Artist Sarah Carpenter was selected to produce the print for this special commission. Having developed her artwork over a number of weeks, Sarah’s final piece will be unveiled at Morgan Stanley’s offices in May 2017. We caught up with Sarah to find out more about the project.

To start, please can you tell us about your background as an artist and explain your way of working

Background as an artist:

My background in dance choreography and theatre directing naturally led to me taking up photography.

Living in Leytonstone was key to my journey as an artist. I was made to feel at home by the artistic community who encouraged me to produce artwork, and my first photographic exhibition was in the Leytonstone Arts Trail. I soon became further involved in this and it lead to me volunteering at a local gallery called The Stone Space. Before long I was curating shows and eventually became a member of the steering group. It was at this time I started studying Fine Art Photography at Kensington and Chelsea. Although I moved away from Leytonstone a while ago, my East End connections are strong, I still have many friends there and exhibit in the area frequently.
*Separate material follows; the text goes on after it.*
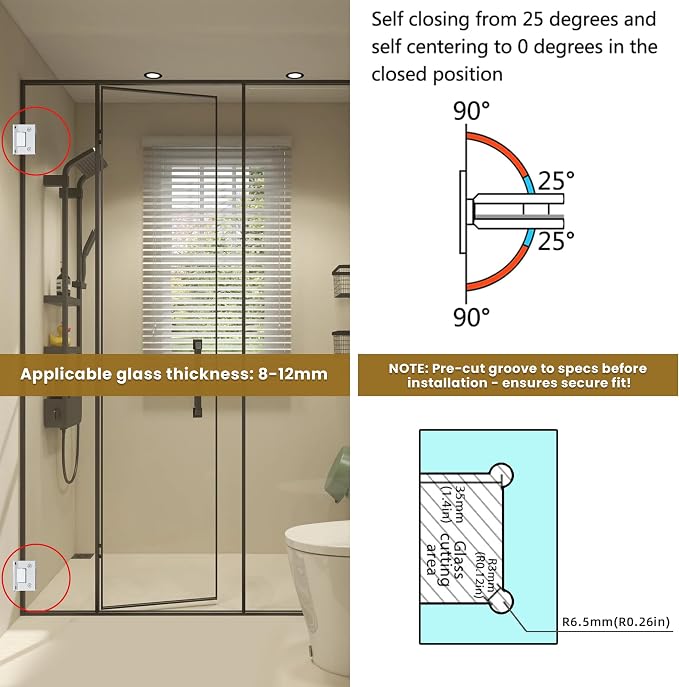 Alise Glass Shower Door Hinge, 90° Hinge - Image 4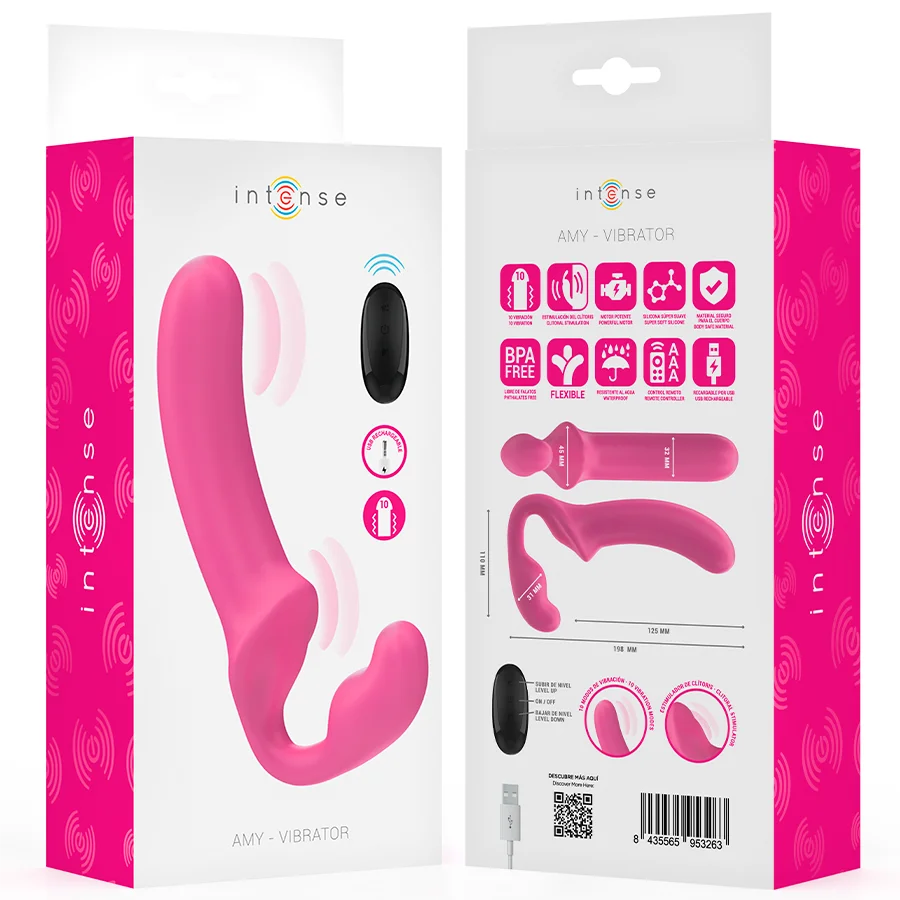 INTENSE - AMY DOUBLE VIBRATOR 20 CM PINK REMOTE CONTROL - Image 9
Upon moving into Kent, I decided to stop working in clerical roles, which I wasn’t very good at, and began looking at more creative pursuits that I might be better at. I decided to go back to university and took a postgraduate course in Design for Visual Communication at the London College of Communication (part of the University of the Arts London). I was immediately drawn to the wonderful printmaking facilities there and this immediately fed into my artistic practice.

Way of working:

The element of play is extremely important to my learning and development therefore my process is very much about experimentation. I break down intricate and complex working methodologies to their simplest forms and explore how existing tools can be used in different ways. I then begin to make connections, looking at how the components can be used together in numerous ways. Through this experimentation with different combinations, I gradually begin to rebuild processes until I find a way of working that satisfies me.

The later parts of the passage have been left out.